Exercise objective:
Look through the records and copy each line that has "Shirt" in it.

Task inputs:
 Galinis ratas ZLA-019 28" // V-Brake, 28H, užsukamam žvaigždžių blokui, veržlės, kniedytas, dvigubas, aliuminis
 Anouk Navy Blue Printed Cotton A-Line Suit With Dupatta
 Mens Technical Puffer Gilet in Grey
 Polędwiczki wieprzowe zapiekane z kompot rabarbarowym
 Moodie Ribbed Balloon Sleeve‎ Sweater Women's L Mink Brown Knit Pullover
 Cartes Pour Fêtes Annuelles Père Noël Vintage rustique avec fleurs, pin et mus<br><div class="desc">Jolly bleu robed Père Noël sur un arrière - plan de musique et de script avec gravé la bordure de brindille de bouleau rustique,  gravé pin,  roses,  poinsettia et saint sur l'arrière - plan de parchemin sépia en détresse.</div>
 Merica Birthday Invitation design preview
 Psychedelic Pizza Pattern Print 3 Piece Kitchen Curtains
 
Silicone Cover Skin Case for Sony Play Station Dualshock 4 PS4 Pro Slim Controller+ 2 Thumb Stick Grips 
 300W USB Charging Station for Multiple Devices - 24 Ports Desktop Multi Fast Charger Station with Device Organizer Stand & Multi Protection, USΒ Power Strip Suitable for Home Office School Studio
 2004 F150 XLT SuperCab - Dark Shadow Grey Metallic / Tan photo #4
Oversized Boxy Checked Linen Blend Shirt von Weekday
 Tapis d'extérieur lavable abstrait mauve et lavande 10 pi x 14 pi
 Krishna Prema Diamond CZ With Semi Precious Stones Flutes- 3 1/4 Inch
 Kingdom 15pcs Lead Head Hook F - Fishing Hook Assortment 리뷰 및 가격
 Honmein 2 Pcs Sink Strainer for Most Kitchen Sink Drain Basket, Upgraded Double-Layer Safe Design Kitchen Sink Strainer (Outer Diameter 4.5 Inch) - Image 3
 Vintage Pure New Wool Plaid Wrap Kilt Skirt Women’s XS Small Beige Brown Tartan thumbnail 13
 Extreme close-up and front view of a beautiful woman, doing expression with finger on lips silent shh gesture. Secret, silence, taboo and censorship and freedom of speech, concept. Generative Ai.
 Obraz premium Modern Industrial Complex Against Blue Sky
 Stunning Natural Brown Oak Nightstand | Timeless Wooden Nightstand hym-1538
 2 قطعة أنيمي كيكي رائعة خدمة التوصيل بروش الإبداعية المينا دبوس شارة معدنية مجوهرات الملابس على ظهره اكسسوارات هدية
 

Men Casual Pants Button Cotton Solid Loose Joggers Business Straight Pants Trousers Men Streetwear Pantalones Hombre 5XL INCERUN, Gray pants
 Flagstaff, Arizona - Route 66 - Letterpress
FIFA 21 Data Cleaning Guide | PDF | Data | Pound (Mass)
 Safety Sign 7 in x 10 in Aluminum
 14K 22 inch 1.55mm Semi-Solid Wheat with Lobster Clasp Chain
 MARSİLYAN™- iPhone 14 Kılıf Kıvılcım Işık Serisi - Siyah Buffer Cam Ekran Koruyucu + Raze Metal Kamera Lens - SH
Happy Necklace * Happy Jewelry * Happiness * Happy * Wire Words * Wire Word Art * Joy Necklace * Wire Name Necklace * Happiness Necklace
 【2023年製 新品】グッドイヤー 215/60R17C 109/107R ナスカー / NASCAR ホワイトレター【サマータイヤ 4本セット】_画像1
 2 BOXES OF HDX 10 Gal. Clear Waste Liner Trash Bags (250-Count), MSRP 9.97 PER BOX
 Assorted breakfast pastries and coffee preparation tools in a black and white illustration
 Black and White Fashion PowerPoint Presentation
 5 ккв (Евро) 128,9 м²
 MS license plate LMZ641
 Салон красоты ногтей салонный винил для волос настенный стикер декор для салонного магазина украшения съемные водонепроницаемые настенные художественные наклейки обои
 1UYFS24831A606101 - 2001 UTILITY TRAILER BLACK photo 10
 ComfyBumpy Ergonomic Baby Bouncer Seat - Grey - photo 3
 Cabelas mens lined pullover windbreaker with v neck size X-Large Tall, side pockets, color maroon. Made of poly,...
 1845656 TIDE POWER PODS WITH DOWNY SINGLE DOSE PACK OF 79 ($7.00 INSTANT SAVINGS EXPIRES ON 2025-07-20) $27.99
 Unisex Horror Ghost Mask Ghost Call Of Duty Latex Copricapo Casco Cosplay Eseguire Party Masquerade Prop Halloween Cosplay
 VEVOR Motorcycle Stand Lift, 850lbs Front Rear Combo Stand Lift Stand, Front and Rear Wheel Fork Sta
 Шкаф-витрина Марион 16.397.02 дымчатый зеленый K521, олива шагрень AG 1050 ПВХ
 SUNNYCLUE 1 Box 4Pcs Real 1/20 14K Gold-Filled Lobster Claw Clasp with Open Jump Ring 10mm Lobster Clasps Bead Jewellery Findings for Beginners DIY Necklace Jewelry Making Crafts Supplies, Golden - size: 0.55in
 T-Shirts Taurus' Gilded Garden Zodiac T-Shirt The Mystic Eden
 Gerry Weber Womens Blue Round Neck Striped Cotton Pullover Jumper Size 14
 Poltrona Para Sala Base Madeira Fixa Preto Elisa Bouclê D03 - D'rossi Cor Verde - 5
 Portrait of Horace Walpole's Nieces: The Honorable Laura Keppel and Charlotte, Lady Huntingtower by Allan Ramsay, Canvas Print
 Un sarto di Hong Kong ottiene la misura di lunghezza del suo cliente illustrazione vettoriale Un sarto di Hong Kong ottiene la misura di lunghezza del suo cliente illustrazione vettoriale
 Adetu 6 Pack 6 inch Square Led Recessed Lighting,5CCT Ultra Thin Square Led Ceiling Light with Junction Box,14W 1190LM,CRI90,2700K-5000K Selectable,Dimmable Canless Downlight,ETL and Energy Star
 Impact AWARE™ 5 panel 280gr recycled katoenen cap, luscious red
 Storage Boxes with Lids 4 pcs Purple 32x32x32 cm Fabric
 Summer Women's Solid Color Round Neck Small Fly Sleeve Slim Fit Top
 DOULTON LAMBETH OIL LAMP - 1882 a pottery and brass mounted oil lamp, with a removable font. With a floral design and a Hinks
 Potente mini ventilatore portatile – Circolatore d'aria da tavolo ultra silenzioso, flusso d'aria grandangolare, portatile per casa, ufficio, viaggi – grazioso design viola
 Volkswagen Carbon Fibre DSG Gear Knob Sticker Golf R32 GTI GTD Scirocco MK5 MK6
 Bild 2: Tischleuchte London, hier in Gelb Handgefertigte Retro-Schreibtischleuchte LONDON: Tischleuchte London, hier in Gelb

Response:
Oversized Boxy Checked Linen Blend Shirt von Weekday
 T-Shirts Taurus' Gilded Garden Zodiac T-Shirt The Mystic Eden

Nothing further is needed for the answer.